Zenvisage in BigData

For chinese version, please see BACHELOR'S DEGREE THESIS OF HOHAI UNIVERSITY for details: http://blog.csdn.net/u013052657/article/details/73468786

ABSTRACT

Visual analysis platform for the process and analysis on large data is becoming increasingly important. This paper analyzes the demand for visualization analysis of large time series data(ie, data that changes with time series), and some visual analysis tools sounds cumbersome, repetitive, time-consuming, and time-consuming large data (ie, data with time series variation) problem. For this, with the open source Zenvisage visual analysis platform, we propose a large data analysis scheme based on Spark, which is integrated into the bottom of Zenvisage's visual analysis platform, and solves the above problems. The paper mainly discusses the following aspects:

(1) Analying the visualization requirements of large time series data, the system needs to manage amounts of views, support the user to modify the query conditions, adjust the analysis of the property, make interactive visual analysis; according to the visualization of the trend to help users find the views that are similar in trend, or show a significantly different trend, and recommend presenting the most interesting trends in the subset of data currently being viewed, such as representative visualizations, outliers, providing user with data uploading interfaces, and supporting visualization based collections query, specify the required insight from the visualization.

(2) Analying the Zenvisage platform in the large time data application scenarios storage and query performance degradation, find the bottleneck of traditional relational database in the analysis of large data in timing.

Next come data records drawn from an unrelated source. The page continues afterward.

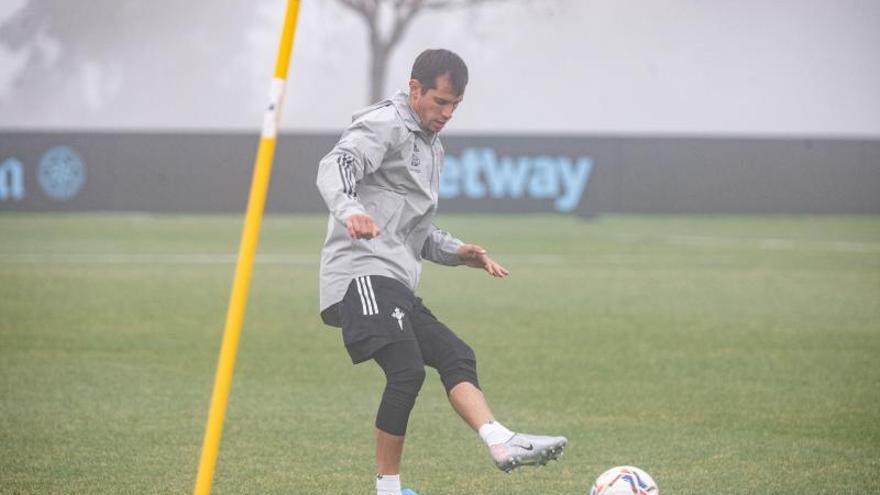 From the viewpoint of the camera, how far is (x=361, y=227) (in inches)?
217

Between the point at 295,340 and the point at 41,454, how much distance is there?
4.91 meters

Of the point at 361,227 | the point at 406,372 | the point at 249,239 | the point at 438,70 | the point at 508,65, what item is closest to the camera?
A: the point at 249,239

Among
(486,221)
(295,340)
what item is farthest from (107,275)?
(486,221)

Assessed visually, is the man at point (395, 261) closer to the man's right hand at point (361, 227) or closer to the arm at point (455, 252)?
the arm at point (455, 252)

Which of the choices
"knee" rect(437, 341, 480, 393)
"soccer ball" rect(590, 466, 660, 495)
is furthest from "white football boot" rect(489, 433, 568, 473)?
"knee" rect(437, 341, 480, 393)

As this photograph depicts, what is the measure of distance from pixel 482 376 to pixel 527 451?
485 centimetres

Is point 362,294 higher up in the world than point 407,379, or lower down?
higher up

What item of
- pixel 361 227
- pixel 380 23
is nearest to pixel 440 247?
pixel 361 227

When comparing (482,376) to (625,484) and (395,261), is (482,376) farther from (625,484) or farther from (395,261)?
(625,484)

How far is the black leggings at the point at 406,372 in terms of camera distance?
6094mm

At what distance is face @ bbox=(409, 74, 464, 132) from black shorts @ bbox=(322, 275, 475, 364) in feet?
2.19

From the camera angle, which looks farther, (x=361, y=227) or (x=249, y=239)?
(x=361, y=227)

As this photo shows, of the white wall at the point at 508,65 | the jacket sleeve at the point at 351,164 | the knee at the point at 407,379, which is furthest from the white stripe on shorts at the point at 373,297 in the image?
the white wall at the point at 508,65

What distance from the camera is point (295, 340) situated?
40.7ft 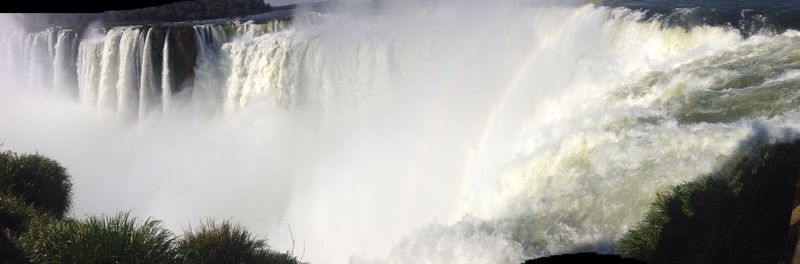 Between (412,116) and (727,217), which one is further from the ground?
(412,116)

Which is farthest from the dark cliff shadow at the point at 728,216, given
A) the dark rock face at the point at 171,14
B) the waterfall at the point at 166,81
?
the dark rock face at the point at 171,14

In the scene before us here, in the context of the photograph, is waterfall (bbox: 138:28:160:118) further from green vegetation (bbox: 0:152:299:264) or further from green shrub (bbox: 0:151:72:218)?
green vegetation (bbox: 0:152:299:264)

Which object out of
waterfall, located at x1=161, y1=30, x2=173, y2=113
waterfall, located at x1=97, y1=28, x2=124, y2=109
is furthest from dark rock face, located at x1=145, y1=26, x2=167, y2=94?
waterfall, located at x1=97, y1=28, x2=124, y2=109

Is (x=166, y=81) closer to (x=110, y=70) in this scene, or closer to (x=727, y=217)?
(x=110, y=70)

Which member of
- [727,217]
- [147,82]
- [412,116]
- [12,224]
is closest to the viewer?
[727,217]

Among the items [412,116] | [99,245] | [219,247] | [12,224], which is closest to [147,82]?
[412,116]

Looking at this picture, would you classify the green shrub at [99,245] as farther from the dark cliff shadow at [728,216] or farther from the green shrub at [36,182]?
the dark cliff shadow at [728,216] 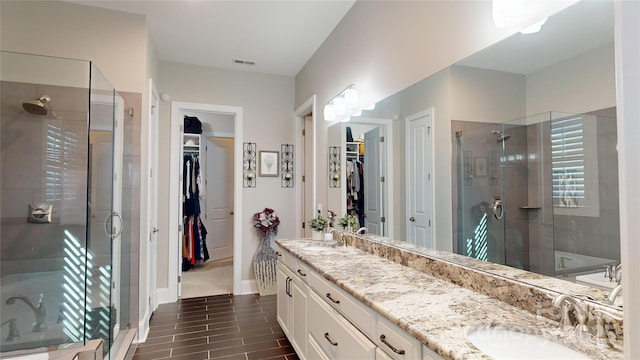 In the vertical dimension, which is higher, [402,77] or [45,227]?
[402,77]

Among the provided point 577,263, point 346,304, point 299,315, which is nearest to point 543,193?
point 577,263

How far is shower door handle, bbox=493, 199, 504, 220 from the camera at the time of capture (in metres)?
1.40

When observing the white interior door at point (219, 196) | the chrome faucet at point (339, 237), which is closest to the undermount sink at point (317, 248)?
the chrome faucet at point (339, 237)

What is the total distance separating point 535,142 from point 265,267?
3493 mm

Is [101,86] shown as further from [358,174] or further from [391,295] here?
[391,295]

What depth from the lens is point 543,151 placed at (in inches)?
47.4

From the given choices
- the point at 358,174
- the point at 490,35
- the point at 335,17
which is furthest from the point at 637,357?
the point at 335,17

(3) According to these bottlenecks, a large data analysis scheme based on Spark is proposed. The program is stored in HDFS for file storage, Parquet columns store data compression, distributed memory engine Spark as the underlying computing framework to solve effectiveness of the Zenvisage platform in the large time series data scenarios, and improve the effectiveness of interactive analysis system performance and operational efficiency.

(4) This analysis scheme is integrated into the bottom of Zenvisage's visual analysis platform, and the effectiveness and availability of the research contents are evaluated by systematic testing and comparative experiments.

This project mainly serves the major technology project of Guangdong Province, "high-throughput large-scale real-time business intelligence system to achieve industrialization". It proves that the system can meet the users’ needs of interactive analysis, optimize the storage and query performance of Zenvisage platform in the scene of large time series data, and it is stable, functional and extensible.

Key words

Large Time Series Data; Interactive Analysis; Visualization; Zenvisage; HDFS; Column-store; Spark

Version

The current version is 0.1#copy.

Zenvisage git: https://github.com/zenvisage/zenvisage

Additional Readings

Zenvisage github: https://github.com/zenvisage/zenvisage.git
Zenvisage project webpage is [here] [zenvisage-website]; regular updates will be posted at this webpage.
Zenvisage VLDB'17 paper describing ZQL, our SmartFuse¹ ZQL optimizer, as well as a ZQL-centric user study is [here] [zenvisage-vldb].
Zenvisage CIDR'17 paper describing the overall Zenvisage system, along with some target user scenarios is [here] [zenvisage-cidr].

Required Software

Big Data Environment(Hadoop2.7.3 + Spark2.1.0) ; many ways to install this, make a good use of the Ubuntu commands.
Java Platform (JDK) >= 8; once installed, update JAVA_HOME to your installed java folder.
Apache Maven 3.0.5; many ways to install this, including brew install maven on Mac OSX.

Installation Instructions

The installation of Visualization_analysis_zenvisage is straightforward, assuming Postgres, Java, and Maven are installed. Also, Hadoop + Spark Cluster is needed. If you want to install using a Docker container, the instructions are here.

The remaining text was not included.